House debates

Thursday, 9 August 2007

Adjournment

Lone Fathers Assocation of Australia National Conference

12:50 pm

Photo of Anthony ByrneAnthony Byrne (Holt, Australian Labor Party, Shadow Parliamentary Secretary for Foreign Affairs) Share this | | Hansard source

Today I would like to speak about an important conference that I had the honour of addressing yesterday. It was the Lone Fathers Association conference organised by Barry Williams, President of the Lone Fathers Association of Australia. There were many people present from many sections of the community who came together to discuss one of the major issues of our time. Before I do, let me pay tribute to Barry, who has been involved as an advocate for separated and divorced fathers for 37 years. Barry, who started very much as a lone voice in the wilderness, has fought and continues to fight for balance and equity in family law courts in the areas of child support and access for non-custodial parents, who are predominantly fathers. This has not been an easy quest but it is one that he has fought diligently and passionately, and I think the conference yesterday bears testament to the fruits of his labours. In doing so, it again proves the adage of the effect of the power of advocacy, often against the odds, often feeling like a voice in the wilderness. But it is the advocacy of a powerful idea—and like all powerful ideas it has been subjected to intense trials and tribulations, and at times despair—whose time conference members believed had come.

The lone fathers conference dealt with a vital issue which profoundly affects our community and our community’s future—that is, the effect of separation and divorce on our children and the consequences of this on our community. This conference has its foundation, in my mind, in the statement Barry made at the lone fathers conference in June 2005, where he said:

This conference over the next couple of days will be dealing with matters that are as dear to our hearts as anything in our lives. It will be about our children and our relationship with them.

He goes on further:

I ask the following question. Is Australia heading towards a fatherless society, whether we want that type of society, and if we don’t what can we do about it?

I think we all know the terrible cost of fatherlessness to our community. In economic terms, it has been estimated by Dr Bruce Robinson to be in the order of about $13 billion, but as we know this is only a figure. It does not reflect the profound consequences of fatherlessness on families and on our sons and daughters. In my view, the cost to our nation’s future of children who are denied both parents manifests itself in youth suicide rates; high school dropout rates; drug and alcohol abuse; behavioural difficulties; self-esteem issues; lack of trust in relationships; lack of role modelling in relationships, particularly for those children who are subject to a high-conflict environment between parents. These children are the meat in the sandwich, so to speak, who, I am told by psychiatrists and psychologists who work in this area, often believe they are the cause of the conflict. Often that has very devastating effects for the psyche of the children.

There was a profound sentiment expressed by the lone fathers at the conference about the consequences for them and their children of separation and how they felt discriminated against by the Family Law Act and the Family Court. Whilst they acknowledged that progress has been made, they are demanding more—for example, enshrinement in law and practice of equal parenting time and rights, not just shared parental responsibility, because they feel this has not been executed in practice, notwithstanding the intent in the law.

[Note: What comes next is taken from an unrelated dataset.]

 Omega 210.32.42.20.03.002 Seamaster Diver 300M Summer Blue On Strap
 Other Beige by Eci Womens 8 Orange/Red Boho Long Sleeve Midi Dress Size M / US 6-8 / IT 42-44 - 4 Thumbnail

For the dads at the conference, they felt that if they were separated from their children by the law with limited access, how could they be the fathers they wanted to be and needed to be for their children? How do they feel and cope when they have been separated by a law which many separated fathers feel is wrong and see its wrongfulness in the effect it has on their children—that was a consistent point raised by fathers at the conference. How does our community feel about what many people perceive to be unjust in the areas of separation and child support? Do they feel like Martin Luther King—and this was a sentiment that was expressed—when he quoted St Augustine when commenting on racial segregation that an unjust law is no law at all?

I was particularly touched by Barry’s mention of his own difficult circumstances in his national president’s report where he details how he was a victim—an innocent victim of the system. In his words:

I was the victim of the system that stopped me spending time with my Dad when I was a kid, and my dad from spending time with me. I know how all of those kids feel. My dad’s in heaven, the system owes me. The best compensation would be to see it not happen to other kids.

Barry has posed further questions about changes to family law but he sees this conference as being a very important turning point. I wish Barry well for the future because there can be few more important tasks for the health and the wellbeing of our entire community than a father’s deep and ongoing involvement with his children.